In this case I couldn’t get on the road until after noon, which disturbed my routine even more. Normally I’ll start a long summer trip as early as possible, but there were several errands that had to be done on Wednesday morning before I could hitch up. Even after hitching up I had a mandatory stop at the Airstream Life office/warehouse to pick up inventory for the pop-up store.
The back bedroom is now jammed full, as well as the back of the car, the area under the dinette, one side of the bed, and some of the main hallway. There’s hardly a place to put my feet when I sit. I really don’t want to know how much weight I’m pulling, and it’s a good thing I’m traveling solo. Anyone who would want to come with me on this trip would have to be rather petite.

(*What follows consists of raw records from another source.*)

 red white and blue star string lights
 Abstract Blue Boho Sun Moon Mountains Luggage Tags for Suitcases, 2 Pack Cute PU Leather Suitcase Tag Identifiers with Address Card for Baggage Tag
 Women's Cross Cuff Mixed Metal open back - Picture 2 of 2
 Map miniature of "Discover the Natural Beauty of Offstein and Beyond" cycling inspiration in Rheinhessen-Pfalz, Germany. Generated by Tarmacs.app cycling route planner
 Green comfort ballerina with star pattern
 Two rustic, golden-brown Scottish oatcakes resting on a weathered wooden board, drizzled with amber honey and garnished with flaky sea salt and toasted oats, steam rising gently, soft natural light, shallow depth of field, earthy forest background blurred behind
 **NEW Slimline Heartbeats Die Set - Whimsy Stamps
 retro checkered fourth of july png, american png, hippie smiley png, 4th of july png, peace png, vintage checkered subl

Since I’m heading to Austin, the first two days aren’t going to be full of interesting things. From Tucson to Van Horn is about 470 miles of Interstate 10, a fairly dull drive pockmarked by a few small cities—and El Paso, which for some reason always causes me a small case of indigestion. The traffic is inevitably far crazier than a city of that size should have; it’s like Dallas crammed into a single corridor. Let’s just say that this trip through didn’t alter my expectations, as I avoided various inventive lane-change maneuvers that the locals were demonstrating at sunset.

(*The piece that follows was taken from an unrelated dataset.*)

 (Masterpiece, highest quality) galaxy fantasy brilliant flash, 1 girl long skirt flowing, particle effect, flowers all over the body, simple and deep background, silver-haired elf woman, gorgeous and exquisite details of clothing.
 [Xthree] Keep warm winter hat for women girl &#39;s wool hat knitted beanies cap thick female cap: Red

With Austin about 900 miles away, I had a choice between three 300-mile days or two 450-mile days. Having done this drive many times, I chose to go for the quick run and skip some favorite stopover spots like Balmorhea State Park and Caverns of Sonora. That left me with Van Horn, a town mostly known for being a stopover. It’s sort of the airport hotel of west Texas, with plenty of places to stay but only one reason to be there.

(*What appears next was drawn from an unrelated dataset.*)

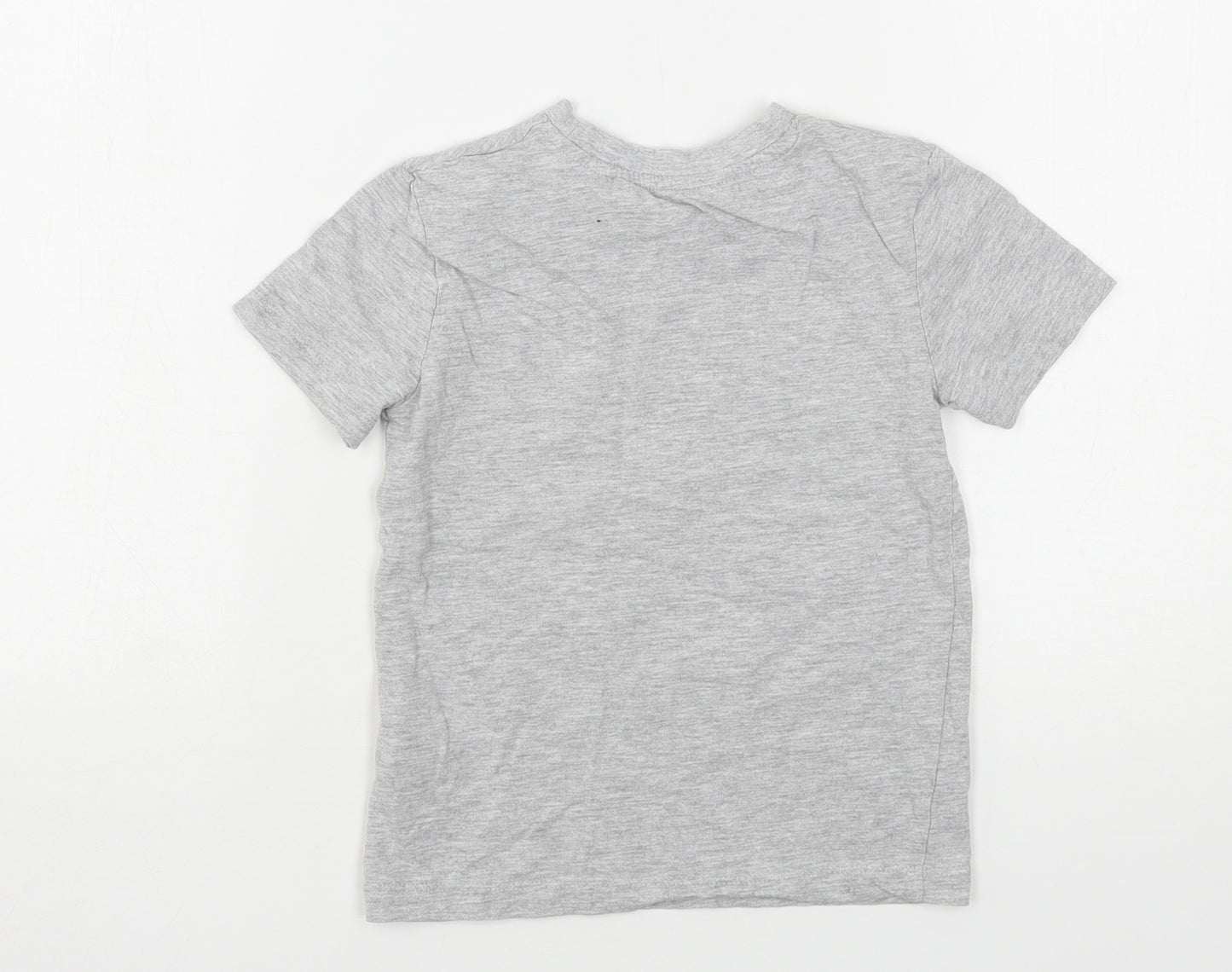 NEXT Boys Grey  Cotton Basic T-Shirt Size 4 Years Round Neck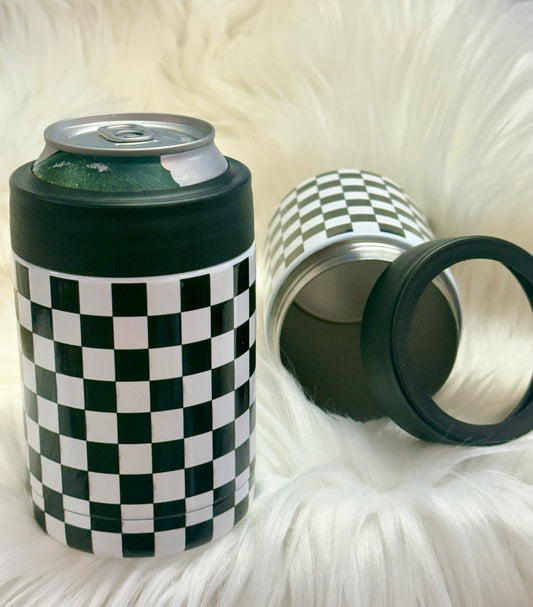Checkered Can Coozie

Because Arizona doesn’t observe Daylight Savings Time, I managed to cross two time zones in one day, so after 472 miles of driving I pulled into a forgettable little RV park at 10:00 pm Central Daylight Time. Normally I wouldn’t drive that late but of course for me it was only 8:00. The park features the standards of its ilk: dirt spaces, old but serviceable hookups, plenty of noise from the adjacent Interstate, hand-written notices from the sole proprietor, and anonymity. I was surprised to get the last space. Apparently quite a few people are staying in Van Horn long-term, from the look of the Jeeps and ruts and satellite dishes set up around me.
But I won’t be. The time zones are working against me, so even though I woke up at 4:45 Arizona time to respond to emails and write this, I’ll be hitting the road around 9:00 am local time. That means arriving in Austin by dinner if I don’t take a big break somewhere.
Fortunately I’m feeling the towing groove now. I think the changed view outside my window this morning has put my mind at ease. Even though the scene outside while I eat breakfast is merely dirt, desert scrub, and highway, it’s proof that the Airstream is mobile, as it was born to be. Those neurons in my brain that love new stimuli are lighting up with anticipation. So in a few minutes I’ll have this house/cargo carrier back on the asphalt, soaring east on I-10, all eight tires humming and the Mercedes diesel purring. It’s time to get going.